EXERCISE MATERIAL
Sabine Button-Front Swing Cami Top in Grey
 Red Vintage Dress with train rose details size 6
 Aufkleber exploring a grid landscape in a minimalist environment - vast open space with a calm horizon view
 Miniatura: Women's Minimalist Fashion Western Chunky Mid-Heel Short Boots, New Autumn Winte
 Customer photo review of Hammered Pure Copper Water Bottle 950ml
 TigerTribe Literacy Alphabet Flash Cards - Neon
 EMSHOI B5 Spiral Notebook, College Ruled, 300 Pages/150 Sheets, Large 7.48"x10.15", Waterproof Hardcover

WHAT TO DO
Give back all of the data above without any alteration.

ANSWER TO THE PROBLEM
Sabine Button-Front Swing Cami Top in Grey
 Red Vintage Dress with train rose details size 6
 Aufkleber exploring a grid landscape in a minimalist environment - vast open space with a calm horizon view
 Miniatura: Women's Minimalist Fashion Western Chunky Mid-Heel Short Boots, New Autumn Winte
 Customer photo review of Hammered Pure Copper Water Bottle 950ml
 TigerTribe Literacy Alphabet Flash Cards - Neon
 EMSHOI B5 Spiral Notebook, College Ruled, 300 Pages/150 Sheets, Large 7.48"x10.15", Waterproof Hardcover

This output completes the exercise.